= EXERCISE AIM =
Please give every line below again exactly, but not its pictures.

= DATASET CONTENT =
————————

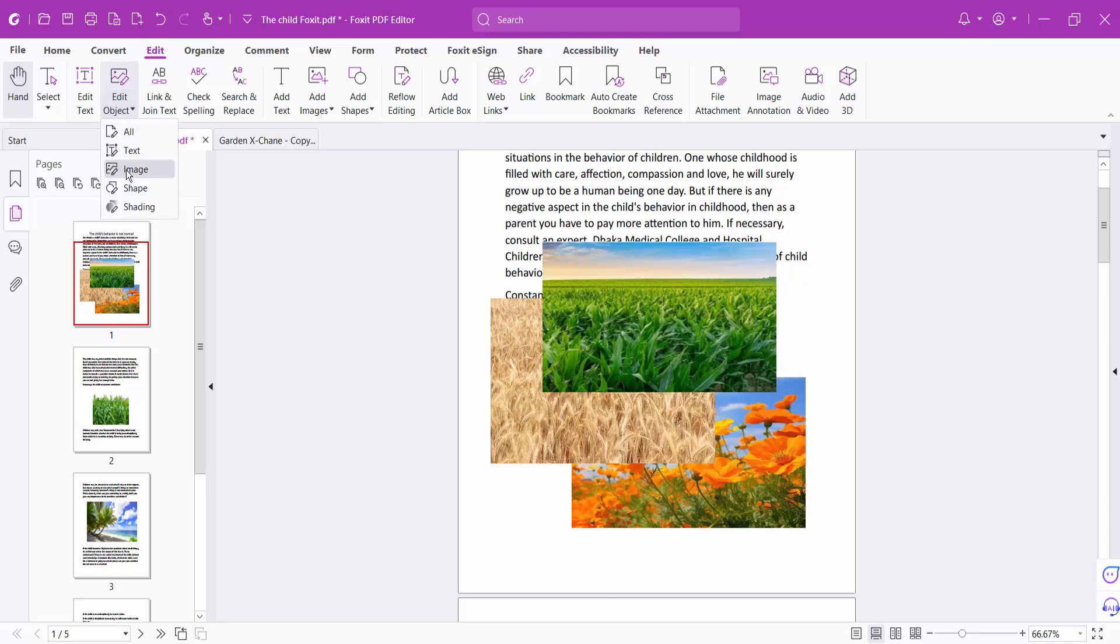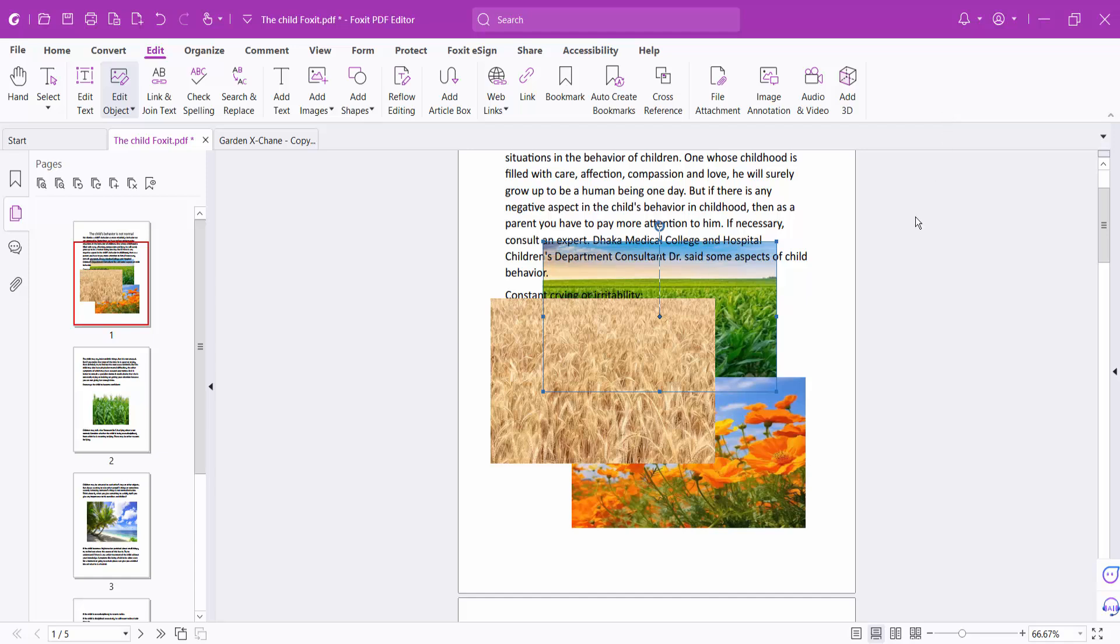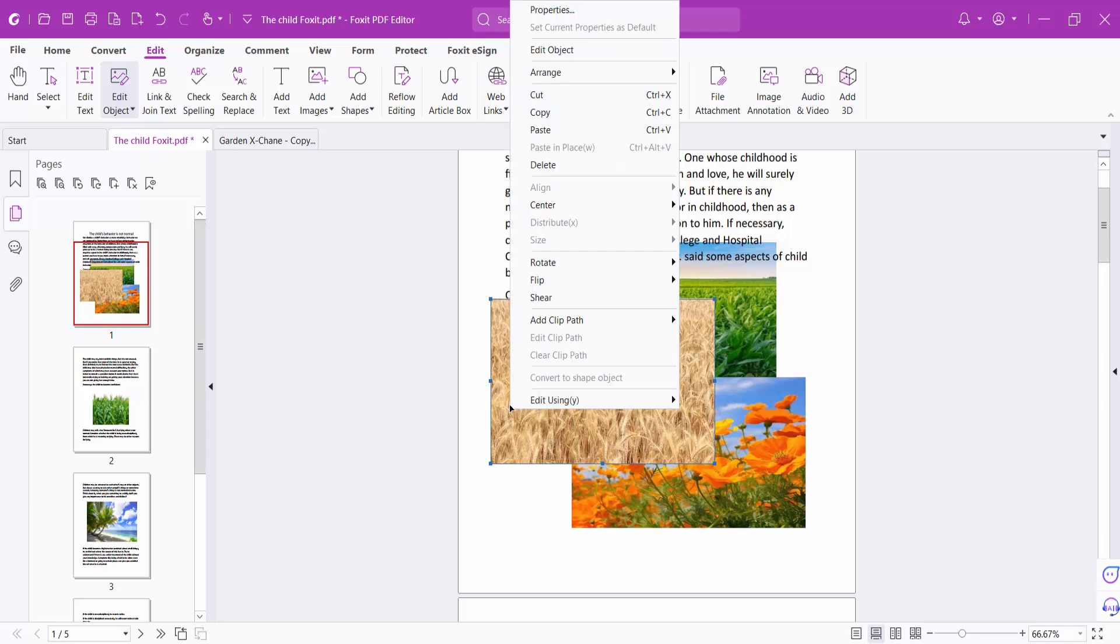Select Image and click on this image. Click right button and select Arrange option and select Send Back. And then this image will send back as well, send this image back.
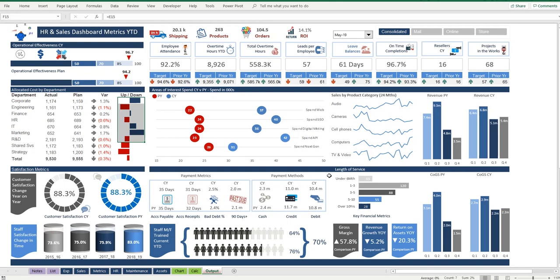This is actually part of my course where I show people how to create every single metric on this dashboard. You can participate in my dashboarding course, which includes this particular dashboard and many more of the same quality. Or you can go on my website and buy this particular dashboard. Enjoy, people — have a great day.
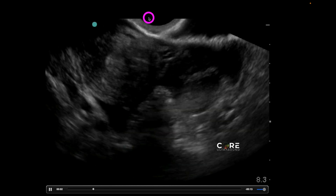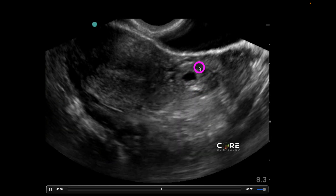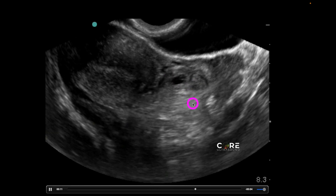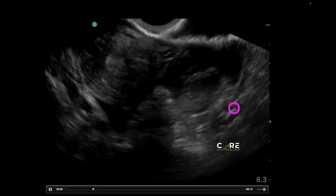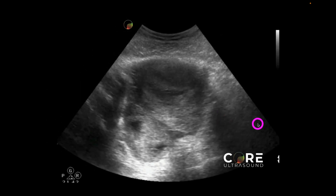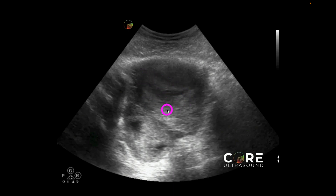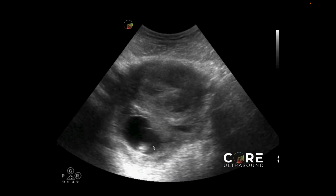Here is another example using an endocavitary transducer. We have the uterus here, and then off of the uterus in likely one of the adnexa, rolling around, is that gestational sac. This right here is likely intestinal movement, and we can see a blood vessel over here, likely the iliac artery. Here using a curvilinear transducer we are seeing the uterus and fundus in short axis, with a bit of hypoechoic fluid and a decidual reaction, but the gestational sac is seen down here outside the uterus — another example of an ectopic pregnancy.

————————

= RESPONSE AREA =
Select Image and click on this image. Click right button and select Arrange option and select Send Back. And then this image will send back as well, send this image back.
This is actually part of my course where I show people how to create every single metric on this dashboard. You can participate in my dashboarding course, which includes this particular dashboard and many more of the same quality. Or you can go on my website and buy this particular dashboard. Enjoy, people — have a great day.
Here is another example using an endocavitary transducer. We have the uterus here, and then off of the uterus in likely one of the adnexa, rolling around, is that gestational sac. This right here is likely intestinal movement, and we can see a blood vessel over here, likely the iliac artery. Here using a curvilinear transducer we are seeing the uterus and fundus in short axis, with a bit of hypoechoic fluid and a decidual reaction, but the gestational sac is seen down here outside the uterus — another example of an ectopic pregnancy.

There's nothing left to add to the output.